Smaller models hold their own too, with the 70B reasoning mode hitting 95.6 on MATH-500.

Beyond Numbers: How Hermes 4 Behaves in Practice

Scores are one thing, but how does it act? The team probed with prompts on role-playing, self-reflection, and analysis. Hermes 4 shows flexibility— it sticks to context in fiction without constant reminders it’s an AI, unlike some models that hedge a lot.

In creative writing, it captures styles deeply, not just topics. Tweaking prompts, like changing the role tag to “me,” shifts it to a more personal tone.

Overall, it’s adaptable, responding well to cues for less flattery or embodied voices.

Getting Started with Hermes 4

Models are at Hugging Face under NousResearch.
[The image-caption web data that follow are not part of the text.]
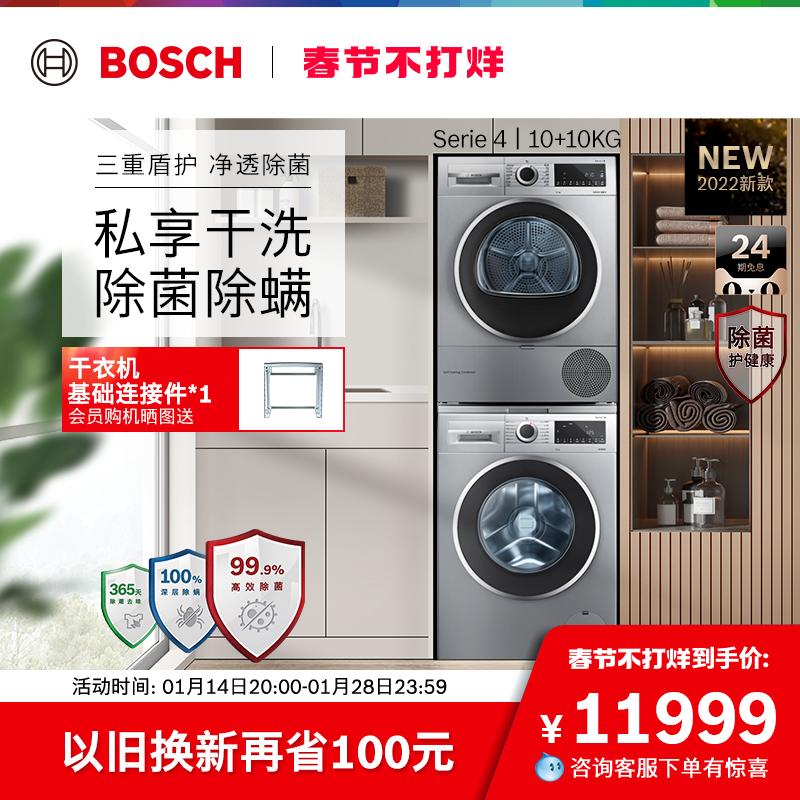 [Tự động loại bỏ vết bẩn] Bộ giặt sấy Bosch 10+10kg máy giặt sấy bơm nhiệt chính hãng 2X80+4D80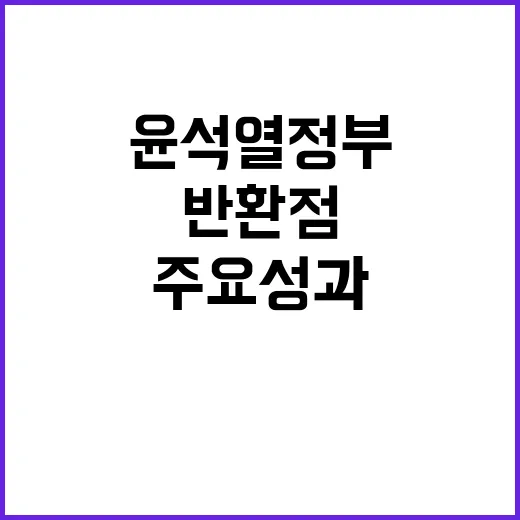 외교안보 윤석열 정…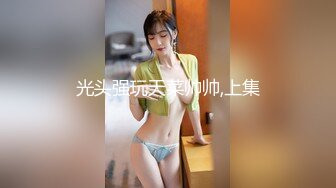 新片速遞】 女神来袭！真女神预警！婴儿肥女神天花板！颜值天花板！女神属于超级无敌甜美的那种御姐，让人一眼看到就很难忘，跳蛋表情酸爽[874M/MP4/59:04]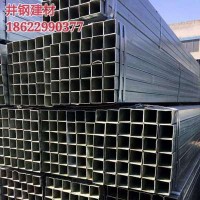 热镀锌方管 矩形管规格 q235方矩50*50天津厂家直销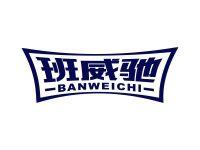 班威驰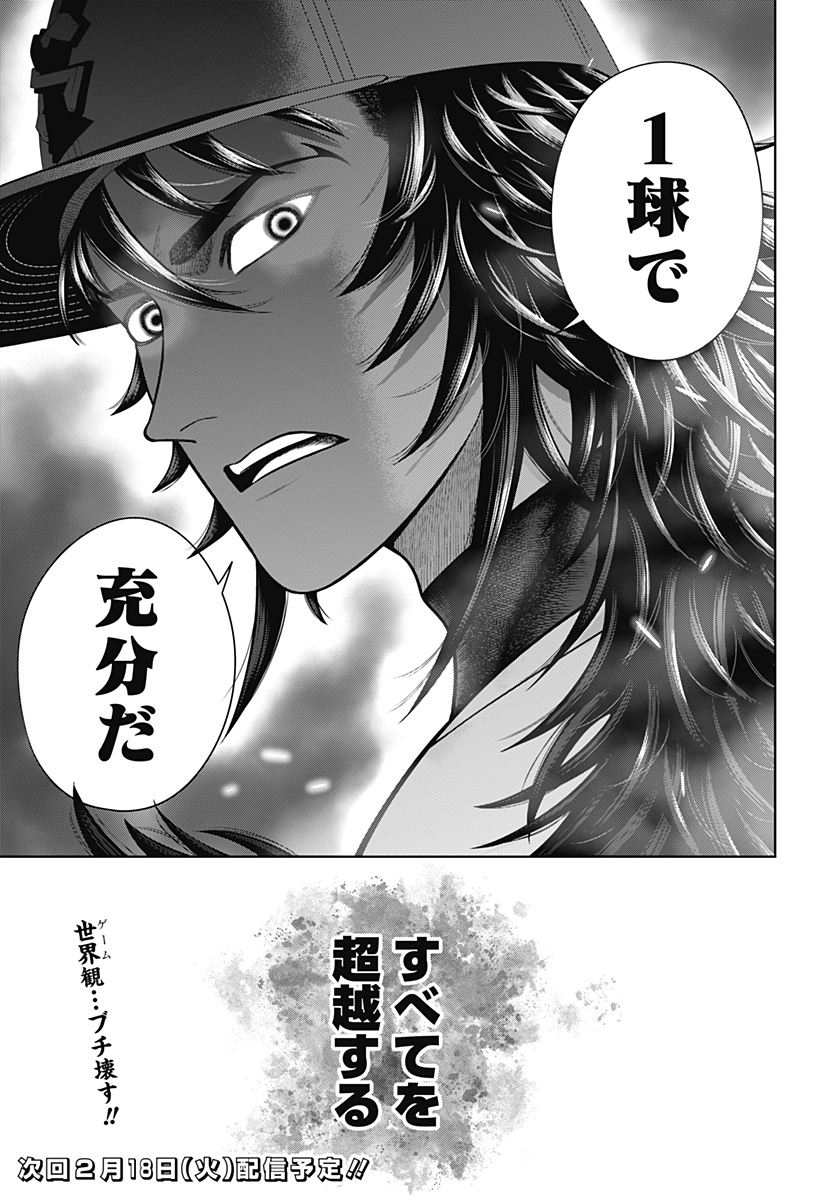 STRIKEOUT PITCH Chapter 13 page 27 - nihonkuni.com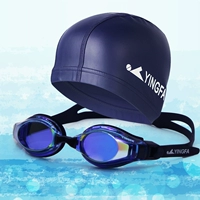 Синее покрытие+тибетское синее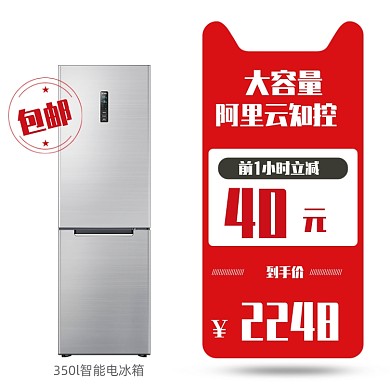 开学季大促极简冰箱洗衣机电器主图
To use:

  1. Go to the collection link.
  2. Download the weights.
  3. Load with compatible frameworks.
  4. Use thinking tags for reasoning.

Common Questions About Hermes 4

What is Hermes 4 designed for?

It’s a family of models that blend deep reasoning with general task handling, in sizes from 14B to 405B parameters.

How does Hermes 4 manage long reasoning chains?

With a fine-tuning step that teaches it to wrap up thinking at 30,000 tokens, reducing overflows while keeping performance steady.

Is Hermes 4 good at coding problems?

Yes, on tests like LiveCodeBench, the large version scores 61.3 in reasoning mode, competitive with similar models.

Why use rejection sampling in Hermes 4’s data?

It ensures paths are verified and varied, helping the model learn reliable step-by-step thinking.

Does Hermes 4 refuse requests often?

In tests, it refuses less than many, scoring 57.1, but handles safety categories appropriately.

How was Hermes 4’s behavior tested?

Through prompts on roles, analysis, and creativity, showing it adapts well without rigid policies.

Where does the data for Hermes 4 come from?

Mostly synthesized with tools like DataForge and rejection sampling, mixing reasoning and general samples.

What hardware was used to train Hermes 4?

192 B200 GPUs, processing 56 billion tokens per model, with hours varying by size.

Can Hermes 4 work with tools?

Yes, trained to interleave thoughts with calls like Python execution in one block.

How does Hermes 4 compare to other models?

It balances reasoning and general skills well, with open access making it stand out for research.

This dive into Hermes 4 shows how thoughtful data and training can create versatile models. If you’re building or studying LLMs, it’s worth exploring.